Our boat was called the ‘Victoria 5’ and although referred to as a ‘cruise ship’, from first impression it resembled a dodgy little sail boat more. Remember though, first impressions are not always correct, and the boat that became our home for a few nights was actually very comfortable. I don’t bode well in rough waters but luckily they were unbelievably calm and took full advantage of the buffet, bar and top deck. Weather wise, we were very lucky and it was gorgeous – reaching into the mid 30’s (degrees centigrade) at numerous points during the day.
Whilst on the journey we passed through four locks that control the flow of water down to the dam. These locks are ginormous and eclipse those of the Panama Canal, holding at least 20 boats at one time. It took around 2 hours for us just to pass through and head upstream and towards the 3 Gorges.
The Gorges are the real highlight of this experience, it’s incredible how the shimmering green river meanders its way through the mountains, sheer cliff faces on both sides. There were a number of stops whereby we transferred to smaller speed boats to explore the inner caverns and estuaries that led into the Yangtze. These estuaries led to fascinating sites, one I vividly remember led us to a viewing of an ancient set of coffins all resting in caves hundreds of meters up the cliffs.
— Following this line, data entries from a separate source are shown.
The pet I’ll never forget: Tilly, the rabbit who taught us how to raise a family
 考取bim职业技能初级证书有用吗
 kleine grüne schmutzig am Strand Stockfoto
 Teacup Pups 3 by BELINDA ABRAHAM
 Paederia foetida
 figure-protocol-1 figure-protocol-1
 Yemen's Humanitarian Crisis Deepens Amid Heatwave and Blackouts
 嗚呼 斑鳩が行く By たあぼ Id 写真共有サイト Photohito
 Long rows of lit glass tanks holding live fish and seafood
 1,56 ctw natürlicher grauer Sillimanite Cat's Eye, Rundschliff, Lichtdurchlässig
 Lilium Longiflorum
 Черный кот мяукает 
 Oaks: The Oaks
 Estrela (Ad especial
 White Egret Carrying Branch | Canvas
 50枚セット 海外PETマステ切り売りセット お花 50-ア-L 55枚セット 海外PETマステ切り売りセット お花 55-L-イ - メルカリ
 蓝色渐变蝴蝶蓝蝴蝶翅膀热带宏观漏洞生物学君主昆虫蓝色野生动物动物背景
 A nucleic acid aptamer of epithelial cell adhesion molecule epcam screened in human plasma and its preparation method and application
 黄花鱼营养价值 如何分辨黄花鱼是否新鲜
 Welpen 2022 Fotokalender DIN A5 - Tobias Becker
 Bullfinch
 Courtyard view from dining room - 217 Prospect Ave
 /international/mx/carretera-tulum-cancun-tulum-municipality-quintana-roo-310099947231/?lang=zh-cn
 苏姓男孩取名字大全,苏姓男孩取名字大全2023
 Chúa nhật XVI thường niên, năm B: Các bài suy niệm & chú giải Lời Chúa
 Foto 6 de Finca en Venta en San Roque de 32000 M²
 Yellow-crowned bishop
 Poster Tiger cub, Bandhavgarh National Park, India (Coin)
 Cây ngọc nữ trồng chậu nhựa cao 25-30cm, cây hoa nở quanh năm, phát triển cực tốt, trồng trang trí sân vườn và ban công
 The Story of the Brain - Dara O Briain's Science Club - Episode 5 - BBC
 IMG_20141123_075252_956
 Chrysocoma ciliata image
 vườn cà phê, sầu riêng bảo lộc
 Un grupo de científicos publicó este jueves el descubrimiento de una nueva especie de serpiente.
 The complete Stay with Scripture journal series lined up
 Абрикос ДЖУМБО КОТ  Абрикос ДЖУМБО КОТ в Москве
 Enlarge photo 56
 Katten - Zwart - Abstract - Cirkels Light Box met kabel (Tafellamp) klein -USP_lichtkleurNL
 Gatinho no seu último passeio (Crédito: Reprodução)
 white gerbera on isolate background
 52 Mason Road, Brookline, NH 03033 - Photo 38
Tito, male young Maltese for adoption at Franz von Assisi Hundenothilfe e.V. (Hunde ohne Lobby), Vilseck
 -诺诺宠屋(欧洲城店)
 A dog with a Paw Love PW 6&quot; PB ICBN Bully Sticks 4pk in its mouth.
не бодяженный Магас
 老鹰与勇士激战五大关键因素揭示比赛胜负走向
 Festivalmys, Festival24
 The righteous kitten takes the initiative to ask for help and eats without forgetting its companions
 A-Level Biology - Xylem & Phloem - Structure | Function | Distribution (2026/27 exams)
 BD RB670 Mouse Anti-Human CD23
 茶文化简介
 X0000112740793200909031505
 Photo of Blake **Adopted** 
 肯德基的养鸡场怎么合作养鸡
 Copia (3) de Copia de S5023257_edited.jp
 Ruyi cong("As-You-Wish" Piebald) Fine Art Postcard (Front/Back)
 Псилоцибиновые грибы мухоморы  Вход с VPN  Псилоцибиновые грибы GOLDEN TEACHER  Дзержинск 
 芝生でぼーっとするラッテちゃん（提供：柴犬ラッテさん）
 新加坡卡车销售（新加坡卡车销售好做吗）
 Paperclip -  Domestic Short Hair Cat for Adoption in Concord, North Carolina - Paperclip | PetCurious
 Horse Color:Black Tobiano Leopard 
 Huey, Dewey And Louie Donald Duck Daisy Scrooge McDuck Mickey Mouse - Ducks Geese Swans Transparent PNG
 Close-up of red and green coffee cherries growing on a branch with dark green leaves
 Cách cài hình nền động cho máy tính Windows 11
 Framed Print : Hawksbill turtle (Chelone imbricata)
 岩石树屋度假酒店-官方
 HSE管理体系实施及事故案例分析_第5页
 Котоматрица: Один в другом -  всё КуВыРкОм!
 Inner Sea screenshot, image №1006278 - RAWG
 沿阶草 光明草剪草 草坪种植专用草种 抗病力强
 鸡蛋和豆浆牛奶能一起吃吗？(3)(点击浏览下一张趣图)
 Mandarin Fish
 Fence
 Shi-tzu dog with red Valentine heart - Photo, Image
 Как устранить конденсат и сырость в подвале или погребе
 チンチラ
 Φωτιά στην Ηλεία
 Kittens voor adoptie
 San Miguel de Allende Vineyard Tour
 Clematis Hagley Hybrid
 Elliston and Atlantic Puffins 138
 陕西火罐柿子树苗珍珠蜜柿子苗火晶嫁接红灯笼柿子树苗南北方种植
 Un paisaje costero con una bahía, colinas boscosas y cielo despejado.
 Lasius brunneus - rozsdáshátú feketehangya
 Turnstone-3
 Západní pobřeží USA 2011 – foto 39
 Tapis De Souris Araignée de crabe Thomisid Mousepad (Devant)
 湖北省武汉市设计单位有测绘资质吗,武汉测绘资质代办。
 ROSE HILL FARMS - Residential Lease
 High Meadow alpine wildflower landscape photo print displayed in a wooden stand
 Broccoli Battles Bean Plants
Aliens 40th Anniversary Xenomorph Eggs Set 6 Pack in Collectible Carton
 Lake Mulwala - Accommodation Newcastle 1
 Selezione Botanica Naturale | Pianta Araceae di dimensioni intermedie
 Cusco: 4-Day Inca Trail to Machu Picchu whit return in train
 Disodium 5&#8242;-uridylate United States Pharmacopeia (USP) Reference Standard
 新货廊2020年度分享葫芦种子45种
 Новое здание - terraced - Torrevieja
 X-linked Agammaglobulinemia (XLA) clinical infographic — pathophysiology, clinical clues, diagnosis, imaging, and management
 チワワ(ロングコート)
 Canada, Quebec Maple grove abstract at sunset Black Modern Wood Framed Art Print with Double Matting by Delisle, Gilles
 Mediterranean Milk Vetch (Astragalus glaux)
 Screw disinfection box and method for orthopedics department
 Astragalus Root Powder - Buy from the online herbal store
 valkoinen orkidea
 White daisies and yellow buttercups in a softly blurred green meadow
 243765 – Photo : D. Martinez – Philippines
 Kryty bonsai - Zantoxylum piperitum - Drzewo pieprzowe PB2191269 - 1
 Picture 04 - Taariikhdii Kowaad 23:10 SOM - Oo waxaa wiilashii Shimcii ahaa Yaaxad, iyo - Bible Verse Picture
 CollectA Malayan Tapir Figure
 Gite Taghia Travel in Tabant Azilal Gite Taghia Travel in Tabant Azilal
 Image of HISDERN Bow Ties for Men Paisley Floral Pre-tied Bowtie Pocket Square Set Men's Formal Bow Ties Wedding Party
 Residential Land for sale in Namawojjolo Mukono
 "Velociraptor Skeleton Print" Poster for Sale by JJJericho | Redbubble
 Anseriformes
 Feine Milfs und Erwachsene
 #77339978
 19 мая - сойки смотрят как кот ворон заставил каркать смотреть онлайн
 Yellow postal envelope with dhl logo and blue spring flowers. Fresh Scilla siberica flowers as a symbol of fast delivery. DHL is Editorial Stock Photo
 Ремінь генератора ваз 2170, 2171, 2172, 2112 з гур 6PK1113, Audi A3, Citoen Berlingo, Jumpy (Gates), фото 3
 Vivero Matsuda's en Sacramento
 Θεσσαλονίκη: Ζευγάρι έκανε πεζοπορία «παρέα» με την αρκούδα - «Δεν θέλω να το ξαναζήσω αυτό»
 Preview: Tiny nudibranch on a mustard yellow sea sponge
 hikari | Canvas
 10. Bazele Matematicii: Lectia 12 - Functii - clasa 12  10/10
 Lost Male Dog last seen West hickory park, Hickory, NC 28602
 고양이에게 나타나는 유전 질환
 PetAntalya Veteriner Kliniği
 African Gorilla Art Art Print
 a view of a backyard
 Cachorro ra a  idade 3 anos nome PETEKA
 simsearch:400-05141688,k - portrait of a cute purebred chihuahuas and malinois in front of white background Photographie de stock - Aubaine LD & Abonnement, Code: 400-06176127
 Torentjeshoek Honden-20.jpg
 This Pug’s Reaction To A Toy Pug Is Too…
It’s an incredible site, as they are completely inaccessible from the top or bottom. Its mind-blowing to think how these coffins got to these particular inaccessible ledges all those years ago. I am not even sure with the technology of today you could safely reach them.
On those excursions we also got to view the remains of some of the old towns that were destroyed when the dam project was put into place. As the water rose significantly, lots of local farms and villages were literally swallowed up. There are some urban myths that people who refused to leave their homes were just left to drown, but who knows if that is true! It is undoubtedly a segregated wilderness, so cut off from modern day society and it is just stunning.
The weather continued to be beautiful, gorgeous sunny days and very clear night sky’s led to a lot of chilling out.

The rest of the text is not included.